# so pleased with my new dormouse viv



## Mrs dirtydozen (Sep 5, 2008)

got all 16 of my babies in there new home now, hope u like the pics however some modifications have taken place, some more plants have been added and so have another 2 sorta nest boxes and some more twigs/logs. im so pleased with it and my dormice are coming out all the time in the evening even more in this viv :2thumb:


----------



## Zoo-Man (Apr 12, 2008)

Hey babe, did the gorgeous Jonny make that? Its fab! Looking forward to seeing you again on Saturday hun. xx


----------



## Mrs dirtydozen (Sep 5, 2008)

i had replied b4 hun but its gone now lol

no the gorgeous jonny didnt make it but he bought it me tho:lol2:

cu sat hun, cant wait 2 see the baby B's bet they have grown loads :2thumb:


----------



## Amalthea (Oct 2, 2007)

Brilliant viv!!!


----------



## Lethal (Mar 25, 2009)

That is an awesome viv- on a tangent, we used to have little mouse at work who would sit on the door step to our police station and never come in, he was bizarre, you could approach him and touch him, and he wouldnt move! then he used to just scurry away......


----------



## x_Living_Dead_Girl_x (Feb 16, 2009)

That's amazing! I bet they love their new home hehe. You can tell that a lot of thought and effort went into it ^_^


----------



## Mrs dirtydozen (Sep 5, 2008)

Lethal said:


> That is an awesome viv- on a tangent, we used to have little mouse at work who would sit on the door step to our police station and never come in, he was bizarre, you could approach him and touch him, and he wouldnt move! then he used to just scurry away......

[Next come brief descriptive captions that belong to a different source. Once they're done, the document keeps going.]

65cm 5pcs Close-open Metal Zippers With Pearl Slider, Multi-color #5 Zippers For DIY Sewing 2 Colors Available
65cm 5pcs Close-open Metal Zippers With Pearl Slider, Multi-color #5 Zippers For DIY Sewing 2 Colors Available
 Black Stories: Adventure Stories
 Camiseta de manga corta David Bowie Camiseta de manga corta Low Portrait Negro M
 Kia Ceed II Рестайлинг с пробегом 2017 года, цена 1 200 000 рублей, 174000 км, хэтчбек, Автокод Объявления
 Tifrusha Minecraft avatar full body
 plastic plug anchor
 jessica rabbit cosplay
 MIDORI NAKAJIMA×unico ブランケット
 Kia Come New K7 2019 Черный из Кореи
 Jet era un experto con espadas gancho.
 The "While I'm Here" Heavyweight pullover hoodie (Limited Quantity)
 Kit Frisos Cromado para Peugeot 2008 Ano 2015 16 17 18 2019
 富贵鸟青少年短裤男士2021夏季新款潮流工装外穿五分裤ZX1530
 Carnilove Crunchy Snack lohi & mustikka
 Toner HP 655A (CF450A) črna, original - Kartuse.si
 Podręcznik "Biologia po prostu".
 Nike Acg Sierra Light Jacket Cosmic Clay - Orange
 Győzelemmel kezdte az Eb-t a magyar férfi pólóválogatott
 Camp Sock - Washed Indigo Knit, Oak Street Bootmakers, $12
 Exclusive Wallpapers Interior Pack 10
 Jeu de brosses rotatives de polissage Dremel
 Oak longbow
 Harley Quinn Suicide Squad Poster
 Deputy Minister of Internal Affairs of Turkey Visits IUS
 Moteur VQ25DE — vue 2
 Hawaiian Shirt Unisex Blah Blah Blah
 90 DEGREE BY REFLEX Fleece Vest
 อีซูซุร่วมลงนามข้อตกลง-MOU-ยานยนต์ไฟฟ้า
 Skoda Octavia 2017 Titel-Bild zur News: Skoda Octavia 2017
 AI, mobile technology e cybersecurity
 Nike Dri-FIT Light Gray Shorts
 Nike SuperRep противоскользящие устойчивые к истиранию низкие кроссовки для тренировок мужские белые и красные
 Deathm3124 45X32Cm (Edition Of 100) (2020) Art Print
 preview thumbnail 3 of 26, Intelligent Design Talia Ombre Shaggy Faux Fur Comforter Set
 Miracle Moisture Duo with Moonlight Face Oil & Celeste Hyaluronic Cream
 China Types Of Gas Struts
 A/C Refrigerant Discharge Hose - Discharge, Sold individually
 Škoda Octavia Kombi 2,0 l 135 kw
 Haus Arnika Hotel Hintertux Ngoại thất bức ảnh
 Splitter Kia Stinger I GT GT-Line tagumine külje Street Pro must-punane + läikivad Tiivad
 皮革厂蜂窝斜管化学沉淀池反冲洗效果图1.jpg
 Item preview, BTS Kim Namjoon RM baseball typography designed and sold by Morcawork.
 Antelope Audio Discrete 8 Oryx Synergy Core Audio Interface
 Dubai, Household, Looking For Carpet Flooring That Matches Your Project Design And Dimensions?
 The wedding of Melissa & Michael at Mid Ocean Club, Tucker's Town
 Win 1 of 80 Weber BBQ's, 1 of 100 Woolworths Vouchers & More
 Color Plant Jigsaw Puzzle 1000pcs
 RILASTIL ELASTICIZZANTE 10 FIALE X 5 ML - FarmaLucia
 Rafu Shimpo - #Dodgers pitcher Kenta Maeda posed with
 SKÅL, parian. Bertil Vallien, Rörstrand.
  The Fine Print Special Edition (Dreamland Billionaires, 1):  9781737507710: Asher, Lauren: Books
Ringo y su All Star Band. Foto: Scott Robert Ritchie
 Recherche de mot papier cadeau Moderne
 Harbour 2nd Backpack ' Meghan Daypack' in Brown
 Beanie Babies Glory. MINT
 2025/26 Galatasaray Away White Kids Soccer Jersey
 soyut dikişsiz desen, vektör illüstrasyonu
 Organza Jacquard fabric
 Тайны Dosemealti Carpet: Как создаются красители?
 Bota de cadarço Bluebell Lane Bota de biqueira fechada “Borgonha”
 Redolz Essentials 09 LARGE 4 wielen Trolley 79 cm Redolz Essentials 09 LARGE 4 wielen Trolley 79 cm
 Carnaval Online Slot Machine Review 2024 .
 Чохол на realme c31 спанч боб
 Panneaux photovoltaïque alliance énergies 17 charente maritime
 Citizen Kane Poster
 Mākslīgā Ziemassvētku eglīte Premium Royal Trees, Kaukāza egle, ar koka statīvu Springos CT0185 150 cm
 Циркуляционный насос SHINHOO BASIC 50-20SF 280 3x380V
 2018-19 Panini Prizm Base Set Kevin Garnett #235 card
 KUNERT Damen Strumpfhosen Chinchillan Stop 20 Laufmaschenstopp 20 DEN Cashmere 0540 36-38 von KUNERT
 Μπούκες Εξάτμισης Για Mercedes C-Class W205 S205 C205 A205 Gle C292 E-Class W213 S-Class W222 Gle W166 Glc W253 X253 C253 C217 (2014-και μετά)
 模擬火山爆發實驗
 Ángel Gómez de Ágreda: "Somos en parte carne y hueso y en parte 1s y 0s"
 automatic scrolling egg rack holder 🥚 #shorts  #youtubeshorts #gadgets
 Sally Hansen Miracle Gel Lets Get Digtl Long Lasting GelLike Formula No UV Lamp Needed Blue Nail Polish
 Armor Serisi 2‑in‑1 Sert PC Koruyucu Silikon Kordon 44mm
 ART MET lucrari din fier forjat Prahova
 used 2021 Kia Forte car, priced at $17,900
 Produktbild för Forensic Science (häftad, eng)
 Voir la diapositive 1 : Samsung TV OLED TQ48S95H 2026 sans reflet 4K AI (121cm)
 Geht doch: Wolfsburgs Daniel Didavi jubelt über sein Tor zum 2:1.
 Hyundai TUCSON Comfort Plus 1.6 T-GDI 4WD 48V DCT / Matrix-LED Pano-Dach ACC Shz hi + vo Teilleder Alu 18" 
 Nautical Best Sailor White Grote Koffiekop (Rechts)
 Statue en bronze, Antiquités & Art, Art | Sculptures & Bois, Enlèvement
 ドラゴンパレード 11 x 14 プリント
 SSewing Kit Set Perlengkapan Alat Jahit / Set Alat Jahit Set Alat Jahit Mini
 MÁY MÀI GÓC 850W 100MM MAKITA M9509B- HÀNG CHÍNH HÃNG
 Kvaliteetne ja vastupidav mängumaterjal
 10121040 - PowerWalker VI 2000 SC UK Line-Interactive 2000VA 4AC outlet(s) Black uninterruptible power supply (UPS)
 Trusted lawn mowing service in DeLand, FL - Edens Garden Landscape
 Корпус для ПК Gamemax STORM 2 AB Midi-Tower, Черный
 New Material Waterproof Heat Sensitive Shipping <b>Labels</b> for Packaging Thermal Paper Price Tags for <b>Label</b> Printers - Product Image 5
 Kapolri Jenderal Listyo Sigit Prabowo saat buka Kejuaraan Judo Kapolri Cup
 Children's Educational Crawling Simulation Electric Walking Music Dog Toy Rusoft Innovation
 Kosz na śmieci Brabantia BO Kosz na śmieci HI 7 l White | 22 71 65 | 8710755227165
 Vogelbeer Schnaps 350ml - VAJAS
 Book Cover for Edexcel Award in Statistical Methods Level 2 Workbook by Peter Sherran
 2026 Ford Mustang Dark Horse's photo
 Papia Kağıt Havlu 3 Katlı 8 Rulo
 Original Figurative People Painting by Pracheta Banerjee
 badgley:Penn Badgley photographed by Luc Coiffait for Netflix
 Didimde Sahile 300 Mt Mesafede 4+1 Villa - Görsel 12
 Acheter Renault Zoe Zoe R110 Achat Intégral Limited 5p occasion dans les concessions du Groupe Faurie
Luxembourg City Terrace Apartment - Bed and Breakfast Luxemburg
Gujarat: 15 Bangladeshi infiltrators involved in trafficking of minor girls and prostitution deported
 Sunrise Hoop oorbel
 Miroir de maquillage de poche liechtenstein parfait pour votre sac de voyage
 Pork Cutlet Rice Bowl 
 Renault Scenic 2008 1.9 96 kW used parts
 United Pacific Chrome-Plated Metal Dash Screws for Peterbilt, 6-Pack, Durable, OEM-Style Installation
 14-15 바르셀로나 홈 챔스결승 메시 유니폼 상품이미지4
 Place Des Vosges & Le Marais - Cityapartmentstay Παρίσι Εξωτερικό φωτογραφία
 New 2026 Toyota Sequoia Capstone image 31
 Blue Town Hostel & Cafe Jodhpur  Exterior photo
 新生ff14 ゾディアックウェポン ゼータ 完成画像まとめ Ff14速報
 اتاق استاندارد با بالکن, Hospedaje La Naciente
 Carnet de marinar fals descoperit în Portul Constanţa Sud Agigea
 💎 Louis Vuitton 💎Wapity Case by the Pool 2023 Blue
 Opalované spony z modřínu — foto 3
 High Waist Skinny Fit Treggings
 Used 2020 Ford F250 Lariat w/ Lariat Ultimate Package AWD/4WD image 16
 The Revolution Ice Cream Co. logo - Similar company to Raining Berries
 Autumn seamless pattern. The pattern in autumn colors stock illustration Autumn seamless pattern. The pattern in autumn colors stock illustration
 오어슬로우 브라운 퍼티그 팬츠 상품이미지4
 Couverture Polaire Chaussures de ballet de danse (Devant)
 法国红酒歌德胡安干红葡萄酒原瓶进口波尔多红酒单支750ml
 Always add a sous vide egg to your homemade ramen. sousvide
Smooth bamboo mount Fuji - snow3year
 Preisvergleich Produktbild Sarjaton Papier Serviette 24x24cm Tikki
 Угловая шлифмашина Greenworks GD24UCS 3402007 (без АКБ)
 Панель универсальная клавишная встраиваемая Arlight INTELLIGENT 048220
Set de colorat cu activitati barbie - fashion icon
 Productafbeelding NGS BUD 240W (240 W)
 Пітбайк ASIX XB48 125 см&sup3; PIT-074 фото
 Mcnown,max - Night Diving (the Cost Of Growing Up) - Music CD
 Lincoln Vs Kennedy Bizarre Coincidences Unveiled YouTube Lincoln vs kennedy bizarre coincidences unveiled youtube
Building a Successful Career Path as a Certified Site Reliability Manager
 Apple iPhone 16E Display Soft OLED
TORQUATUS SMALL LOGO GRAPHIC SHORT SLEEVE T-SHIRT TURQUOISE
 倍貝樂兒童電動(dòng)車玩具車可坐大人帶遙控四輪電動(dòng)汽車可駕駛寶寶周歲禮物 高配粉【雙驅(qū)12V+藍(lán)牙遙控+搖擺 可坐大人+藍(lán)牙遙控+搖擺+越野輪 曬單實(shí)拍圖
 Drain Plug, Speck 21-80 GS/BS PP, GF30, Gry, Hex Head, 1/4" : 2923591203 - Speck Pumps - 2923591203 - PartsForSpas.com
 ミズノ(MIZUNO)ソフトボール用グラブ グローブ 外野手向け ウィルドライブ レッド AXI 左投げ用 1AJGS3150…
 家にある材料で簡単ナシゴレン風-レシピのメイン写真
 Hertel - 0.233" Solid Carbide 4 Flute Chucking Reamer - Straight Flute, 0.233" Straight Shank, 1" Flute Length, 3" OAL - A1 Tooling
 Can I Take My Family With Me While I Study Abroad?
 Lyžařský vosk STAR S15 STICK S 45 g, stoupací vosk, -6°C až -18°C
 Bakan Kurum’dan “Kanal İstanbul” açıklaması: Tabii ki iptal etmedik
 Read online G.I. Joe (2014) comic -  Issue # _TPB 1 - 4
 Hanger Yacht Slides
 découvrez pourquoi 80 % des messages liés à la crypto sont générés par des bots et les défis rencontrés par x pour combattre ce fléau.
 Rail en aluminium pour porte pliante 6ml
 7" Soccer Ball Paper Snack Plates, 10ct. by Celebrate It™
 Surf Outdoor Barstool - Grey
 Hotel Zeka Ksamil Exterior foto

lol was it like mr bo jangles (or sumet like that he was called lol) the little mouse from the green mile :flrt:


----------



## Mrs dirtydozen (Sep 5, 2008)

Amalthea said:


> Brilliant viv!!!


 
thanx hun, when do we get 2 see pics of annie, hope u have some babies that would be amazing, i may have 2 flutter my eye lashes at jonny if u do n see if he would mind me getting anything else lol 




x_Living_Dead_Girl_x said:


> That's amazing! I bet they love their new home hehe. You can tell that a lot of thought and effort went into it ^_^


thanx, it was really easy 2 put it all 2geva all twiggi things were cut 2 size already so i just washed everything n put it in place, plus there were already some little hole in the viv 2 hang the plants n nest boxes from

the hardest part was catching the dormice in there old vivs :lol2:


----------



## Shell195 (May 31, 2007)

Looks great:2thumb: APD are so cute maybe I need to get myself some later in the year:whistling2:


----------



## Mrs dirtydozen (Sep 5, 2008)

Shell195 said:


> Looks great:2thumb: APD are so cute maybe I need to get myself some later in the year:whistling2:


hi hun, the dormice love there viv they go mad at night running n jumping about but iv found its mainly the males that come out more than the females???

really enjoyed setting it up as it took my mind of the rescue dog we didnt end up getting iv had 2 keep myself very busy 2 try n help me not think of her :'(


----------



## Amalthea (Oct 2, 2007)

Here ya go 

http://www.reptileforums.co.uk/other-pets-exotics/295466-annies-home.html


----------



## bassy 1019 (Sep 26, 2006)

very nice set up, its good to see the space these dormice have.


----------



## brittone05 (Sep 29, 2006)

Ohhhhhhhhh I love them  The viv looks amazing Jen - bet they are so happy in there


----------



## Mrs dirtydozen (Sep 5, 2008)

lol yer they love it i thought i may get away with a few more days that i wouldnt have 2 clean them out for coz the viv was bigger but had 2 clean them out already, i cant belive how much they poop n they poop on everything its a buggar 2 get off the logs coz its sticki :devil:


----------



## connor 1213 (Apr 6, 2009)

how much did that cost i love it and want it:2thumb::2thumb::2thumb:


----------



## Mrs dirtydozen (Sep 5, 2008)

connor 1213 said:


> how much did that cost i love it and want it:2thumb::2thumb::2thumb:


i dont know it was a pressie from the bf :2thumb: n we had all the logs n stuff already, dormice are about £25 each tho


----------